Pennsylvania Assembly: Reply to the Governor
Printed in Votes and Proceedings of the House of Representatives, 1755–1756 (Philadelphia, 1756), p. 21.
While Morris and his Council were considering the governor’s message to the Assembly of November 8, Conrad Weiser2 arrived with Scaroyady3 and other Indians who came with pleas of action to defend the frontier lest the few still loyal Indians defect or become the victims of their armed and aroused brethren allied with the French. That afternoon the governor, his Council, the Assembly, and “several Magistrates, officers, and Citizens” met at the State House to hear the Indian demands for an alliance in arms. On November 10 Morris sent a further message urging immediate attention to the Indians since the loss of their friendship brought such certain and tragic consequences.4 The committee appointed to respond to the previous document was also charged with drafting the reply printed here.
[November 11, 1755]
May it please the Governor,
We have considered the Governor’s Message of Yesterday, relating to the Application and pressing Instances of the Indians, and are glad to find, that he is at length prevailed on to declare himself “ready and desirous to do any thing, consistent with his Duty to the CROWN,5 for the Protection and Assistance, as well as of our Allies, as of the Inhabitants of this Province in general.” We never have, and we hope never shall, desire him to do any thing inconsistent with that Duty. He has it now in his Power to do what he may think the Exigence requires, for the Service of the Crown, the Protection of our Allies, and of the Inhabitants of the Province. As Captain-General, he has, by the Royal Charter, full Authority to raise Men; and the Bill now in his Hands, granting Sixty Thousand Pounds, will enable him to pay the Expences. We grant the Money chearfully, tho’ the Tax to sink it will be a heavy one; and we hope the Bill will receive his Assent immediately.6
2. See above, III, 89 n.
3. See above, V, 65 n.
4. Votes, 1755–56, pp. 17–18; Pa. Col. Recs., VI, 685.
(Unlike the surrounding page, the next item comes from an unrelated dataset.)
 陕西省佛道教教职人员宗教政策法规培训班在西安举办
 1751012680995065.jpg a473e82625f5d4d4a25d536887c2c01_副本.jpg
5. That is, the Assembly was glad that Morris was at last attending to this duty instead of adhering to his alleged duty of obedience to the Proprietors’ instructions, so obstructive to the public welfare. The seizure upon Morris’ careless wording to imply his admission of past failures to do his duty to the King was, of course, an evasion of the point of the message, and has meaning only within the bitter word battle going on between him and the Assembly.
6. Upon receiving this message, the Council was “astonished to see the obstinacy of the Assembly carry them such Lengths as not to enable the Governor to give a Satisfactory answer to the Indians, after their making so solemn and peremtory a Demand, considered what answer to make to Scarooyady, and after a long Consultation it was thought best to tell him the truth”—that no money for defense was likely to be forthcoming. Scaroyady “received the answer with amazement, saying it would occasion the absolute Defection of the Delawares, who by proper Encouragements might even now be secured in our Interest,” but that nevertheless he, Scaroyady, would do his best to aid the English cause. Pa. Col. Recs., VI, 692.